Thank you, seascraper, for laying bare so much of the conservative objection to marriage equality. I wish all conservatives were so honest.
Mark L. Bail says
candor, but the distinction he notes one matters only because others are kept separate and unequal. Didn’t poor Southern whites support Jim Crow for the same reasons?
And if Seascraper is right, Obama was right when he described such people as clinging to guns and religion.
sabutai says
I like seascraper’s candor, but it mainly served to reduce opposition to gay marriage as preserving a dilute rationale for self-satisfaction, rather than a stance of significant moral or political grounding.
dont-get-cute says
He is raising a real moral and political point, that equating everyone’s marriage to a same-sex couple, and saying they have the same civil rights and social value, and denying that they have any societal and legal approval to have sex and make babies, really denigrates the most important significant achievement in people’s lives. It’s like, imagine if we said everyone should be able to get a college degree just by asking for one to be sent in the mail, and telling graduates that they don’t have anything they didn’t have before they graduated…that denigrates the value of the degree, and people would be right to be upset about that.
SomervilleTom says
Marriage is not a college degree. Your comment is insulting to EVERY married person, and insulting to every gay and lesbian person. Your attempted analogy makes no sense whatsoever.
The traditional religious viewpoint is that, as a sacrament, marriage is “an outward and visible sign of an inward and invisible grace”. The marriage ceremony is a public statement to the community about a private commitment that has already happened. The “value”, if any, from being married comes from within and that value is then supported by the community.
Traditional religious belief is that the private love between a man and woman that results in marriage is a gift from God. What somebody else does has NO BEARING. That’s the argument that ended religious bans on interracial marriages, and will (sooner or later) end the the religious bans on same-sex marriages. What God has joined, let no person put asunder.
Nothing — absolutely nothing — about that very classical “traditional” model is in any way harmed, diluted, or denigrated by marriages among other people, whatever the race, religion, or gender.
scout says
You just can’t help yourself, can you? Who in the world is denying anything like this? Certainly, no one here has.
kbusch says
You make a deep, serious, life-long commitment to someone else just to prove you’re not gay? Seriously?

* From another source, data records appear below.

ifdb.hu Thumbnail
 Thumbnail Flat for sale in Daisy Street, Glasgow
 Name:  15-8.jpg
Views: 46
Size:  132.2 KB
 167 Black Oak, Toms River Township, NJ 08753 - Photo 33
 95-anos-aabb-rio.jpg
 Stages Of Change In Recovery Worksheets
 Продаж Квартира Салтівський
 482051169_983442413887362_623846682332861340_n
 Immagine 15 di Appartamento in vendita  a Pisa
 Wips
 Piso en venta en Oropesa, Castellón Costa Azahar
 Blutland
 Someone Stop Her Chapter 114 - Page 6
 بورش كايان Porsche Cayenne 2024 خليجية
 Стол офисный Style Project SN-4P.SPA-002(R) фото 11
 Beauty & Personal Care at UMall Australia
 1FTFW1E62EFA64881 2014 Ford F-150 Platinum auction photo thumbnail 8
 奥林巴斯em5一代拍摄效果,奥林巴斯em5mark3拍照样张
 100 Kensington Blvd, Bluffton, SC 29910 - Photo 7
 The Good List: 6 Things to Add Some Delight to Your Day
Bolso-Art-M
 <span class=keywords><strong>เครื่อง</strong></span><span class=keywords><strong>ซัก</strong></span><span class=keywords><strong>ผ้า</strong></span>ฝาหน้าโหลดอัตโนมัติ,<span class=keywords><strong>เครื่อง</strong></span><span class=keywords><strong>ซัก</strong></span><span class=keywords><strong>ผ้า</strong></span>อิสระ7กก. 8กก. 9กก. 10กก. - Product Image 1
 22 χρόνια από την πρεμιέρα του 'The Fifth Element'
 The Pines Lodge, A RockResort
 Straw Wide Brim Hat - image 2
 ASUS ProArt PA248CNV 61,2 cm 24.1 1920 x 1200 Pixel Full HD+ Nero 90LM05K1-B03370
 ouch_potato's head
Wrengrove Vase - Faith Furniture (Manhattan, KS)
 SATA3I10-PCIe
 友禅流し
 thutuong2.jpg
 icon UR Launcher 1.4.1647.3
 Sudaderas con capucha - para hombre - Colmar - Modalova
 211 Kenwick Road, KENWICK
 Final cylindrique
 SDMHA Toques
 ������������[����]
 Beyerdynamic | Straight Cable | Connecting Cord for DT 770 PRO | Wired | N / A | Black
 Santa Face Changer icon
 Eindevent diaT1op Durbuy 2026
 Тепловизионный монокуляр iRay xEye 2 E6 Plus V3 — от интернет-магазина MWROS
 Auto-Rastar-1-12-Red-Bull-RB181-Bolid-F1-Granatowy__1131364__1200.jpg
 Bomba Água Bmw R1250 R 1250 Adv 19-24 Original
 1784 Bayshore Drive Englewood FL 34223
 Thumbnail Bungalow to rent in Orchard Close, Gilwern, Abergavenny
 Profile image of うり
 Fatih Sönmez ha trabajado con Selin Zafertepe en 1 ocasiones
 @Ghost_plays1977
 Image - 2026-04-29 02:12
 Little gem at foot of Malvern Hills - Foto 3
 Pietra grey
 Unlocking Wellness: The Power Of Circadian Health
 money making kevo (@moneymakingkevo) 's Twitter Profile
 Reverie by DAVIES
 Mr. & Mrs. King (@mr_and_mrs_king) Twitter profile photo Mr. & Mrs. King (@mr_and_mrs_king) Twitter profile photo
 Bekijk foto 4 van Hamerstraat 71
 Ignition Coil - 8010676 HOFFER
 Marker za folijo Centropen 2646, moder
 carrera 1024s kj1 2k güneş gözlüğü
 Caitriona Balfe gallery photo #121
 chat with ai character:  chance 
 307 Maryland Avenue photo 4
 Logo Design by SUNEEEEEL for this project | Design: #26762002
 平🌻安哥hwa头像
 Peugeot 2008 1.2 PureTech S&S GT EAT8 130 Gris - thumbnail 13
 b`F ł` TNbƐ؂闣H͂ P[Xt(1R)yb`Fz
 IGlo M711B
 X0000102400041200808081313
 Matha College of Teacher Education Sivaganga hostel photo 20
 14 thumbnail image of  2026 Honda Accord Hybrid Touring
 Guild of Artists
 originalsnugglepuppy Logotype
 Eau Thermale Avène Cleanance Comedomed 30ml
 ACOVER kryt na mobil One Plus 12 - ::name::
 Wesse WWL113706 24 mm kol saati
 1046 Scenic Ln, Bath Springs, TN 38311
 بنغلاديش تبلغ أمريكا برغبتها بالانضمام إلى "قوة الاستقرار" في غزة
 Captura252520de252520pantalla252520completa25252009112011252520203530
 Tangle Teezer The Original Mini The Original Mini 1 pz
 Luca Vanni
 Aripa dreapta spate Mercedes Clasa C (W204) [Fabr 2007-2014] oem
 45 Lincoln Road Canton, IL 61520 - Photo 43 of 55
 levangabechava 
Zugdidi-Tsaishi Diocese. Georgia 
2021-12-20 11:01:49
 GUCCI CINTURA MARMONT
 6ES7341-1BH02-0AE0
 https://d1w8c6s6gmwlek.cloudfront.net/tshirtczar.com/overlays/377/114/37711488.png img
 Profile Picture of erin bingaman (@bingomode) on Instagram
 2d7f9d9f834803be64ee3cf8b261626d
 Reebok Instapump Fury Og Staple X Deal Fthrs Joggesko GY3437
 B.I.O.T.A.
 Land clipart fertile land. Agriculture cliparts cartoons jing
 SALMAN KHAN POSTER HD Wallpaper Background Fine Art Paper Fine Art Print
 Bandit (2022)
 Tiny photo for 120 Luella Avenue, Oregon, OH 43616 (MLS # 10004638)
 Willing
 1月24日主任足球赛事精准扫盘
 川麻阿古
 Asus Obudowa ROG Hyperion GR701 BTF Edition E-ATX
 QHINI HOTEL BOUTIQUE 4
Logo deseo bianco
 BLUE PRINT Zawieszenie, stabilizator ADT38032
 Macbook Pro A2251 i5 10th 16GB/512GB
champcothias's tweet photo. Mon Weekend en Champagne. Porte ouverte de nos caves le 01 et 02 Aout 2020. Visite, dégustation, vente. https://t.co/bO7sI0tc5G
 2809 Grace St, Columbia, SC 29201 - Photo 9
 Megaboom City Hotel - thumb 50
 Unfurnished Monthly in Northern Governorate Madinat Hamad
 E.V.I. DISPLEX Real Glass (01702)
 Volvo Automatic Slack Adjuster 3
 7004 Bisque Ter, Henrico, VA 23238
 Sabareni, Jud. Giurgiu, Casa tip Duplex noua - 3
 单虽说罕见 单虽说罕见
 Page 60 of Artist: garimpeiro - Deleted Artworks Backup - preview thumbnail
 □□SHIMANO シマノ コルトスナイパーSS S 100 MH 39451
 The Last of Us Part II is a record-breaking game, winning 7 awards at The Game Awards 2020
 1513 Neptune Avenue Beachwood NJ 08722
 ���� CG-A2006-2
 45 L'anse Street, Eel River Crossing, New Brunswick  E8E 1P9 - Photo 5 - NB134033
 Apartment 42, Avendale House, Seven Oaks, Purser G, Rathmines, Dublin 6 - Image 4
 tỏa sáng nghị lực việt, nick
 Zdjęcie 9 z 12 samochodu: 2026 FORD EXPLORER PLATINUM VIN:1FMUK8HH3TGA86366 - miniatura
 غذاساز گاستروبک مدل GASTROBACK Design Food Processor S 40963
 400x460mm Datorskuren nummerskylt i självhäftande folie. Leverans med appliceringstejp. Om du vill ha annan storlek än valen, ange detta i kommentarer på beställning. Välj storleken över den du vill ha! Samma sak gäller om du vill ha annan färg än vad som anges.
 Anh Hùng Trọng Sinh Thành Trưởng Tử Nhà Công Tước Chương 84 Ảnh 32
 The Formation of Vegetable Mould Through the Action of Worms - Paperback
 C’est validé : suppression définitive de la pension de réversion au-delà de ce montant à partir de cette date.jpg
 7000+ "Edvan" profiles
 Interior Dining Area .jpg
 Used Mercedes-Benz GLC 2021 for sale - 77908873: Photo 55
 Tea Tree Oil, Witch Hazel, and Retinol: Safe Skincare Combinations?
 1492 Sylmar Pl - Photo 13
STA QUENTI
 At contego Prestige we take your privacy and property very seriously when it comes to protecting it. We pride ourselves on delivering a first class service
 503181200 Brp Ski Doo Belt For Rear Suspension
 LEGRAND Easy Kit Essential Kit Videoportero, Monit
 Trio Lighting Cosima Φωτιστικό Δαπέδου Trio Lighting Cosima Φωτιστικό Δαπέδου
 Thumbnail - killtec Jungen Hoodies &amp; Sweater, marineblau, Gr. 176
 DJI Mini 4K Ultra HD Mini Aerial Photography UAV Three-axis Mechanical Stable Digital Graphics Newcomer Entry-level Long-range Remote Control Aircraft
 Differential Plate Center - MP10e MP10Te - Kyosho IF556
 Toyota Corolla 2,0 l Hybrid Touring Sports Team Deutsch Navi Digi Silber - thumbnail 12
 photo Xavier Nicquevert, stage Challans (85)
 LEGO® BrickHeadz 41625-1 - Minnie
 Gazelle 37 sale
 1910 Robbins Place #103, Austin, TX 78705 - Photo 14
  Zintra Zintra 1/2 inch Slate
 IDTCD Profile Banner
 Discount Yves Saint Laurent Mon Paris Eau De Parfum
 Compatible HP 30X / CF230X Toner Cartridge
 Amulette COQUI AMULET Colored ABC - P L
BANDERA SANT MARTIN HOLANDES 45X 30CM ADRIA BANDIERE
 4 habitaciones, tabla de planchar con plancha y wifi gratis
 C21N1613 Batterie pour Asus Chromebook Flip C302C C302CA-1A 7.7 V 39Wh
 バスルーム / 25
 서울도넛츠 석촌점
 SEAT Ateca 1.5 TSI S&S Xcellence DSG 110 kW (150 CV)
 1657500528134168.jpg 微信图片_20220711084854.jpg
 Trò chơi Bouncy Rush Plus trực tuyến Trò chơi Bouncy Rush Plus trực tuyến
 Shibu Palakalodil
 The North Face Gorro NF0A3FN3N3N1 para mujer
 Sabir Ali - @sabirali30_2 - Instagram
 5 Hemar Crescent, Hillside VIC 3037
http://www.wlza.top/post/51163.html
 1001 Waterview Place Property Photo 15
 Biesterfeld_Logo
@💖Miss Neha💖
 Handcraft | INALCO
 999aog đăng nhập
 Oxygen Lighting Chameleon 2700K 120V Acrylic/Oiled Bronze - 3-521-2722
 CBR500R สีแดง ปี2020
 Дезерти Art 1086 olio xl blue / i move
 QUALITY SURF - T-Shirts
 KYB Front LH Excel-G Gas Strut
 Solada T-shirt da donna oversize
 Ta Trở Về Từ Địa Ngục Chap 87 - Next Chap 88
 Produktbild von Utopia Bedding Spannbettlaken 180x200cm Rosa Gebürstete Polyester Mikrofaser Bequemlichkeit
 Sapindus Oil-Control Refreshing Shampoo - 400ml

What, pray tell, are the other things you have to prove?
Jasiu says
The purpose of having kids is to show you aren’t a total loser???
I’d hate to be either the spouse or offspring of someone who felt like this.
kbusch says
What does this really mean? Something like, I’m in a room with 60 other married people and the only thing important in my life is my marriage. So I’ll feel worse if there were 62 married people in the room — because I’ll be like 1.5% less special.
Happily married people find each other special, and they don’t find that specialness diluted by the happiness, marriages, or achievements of other people.
Well, unless they are really pathetic happily married people.
dont-get-cute says
See how they have substituted a surrogate activity for the human need for fulfillment through becoming part of the chain of life, by portraying getting a degree and working for some job as necessary to have dignity?
Christopher says
…though it is definitely helpful on the job front. However, last I checked nobody was being denied the opportunity to earn a degree on the basis of sexual orientation (and if that IS happening somewhere that is of course unacceptable).
kbusch says
I’m not sure that’s what dont-get-cute meant. Maybe it’s about surrogate parents getting degrees to make up for their surrogacy.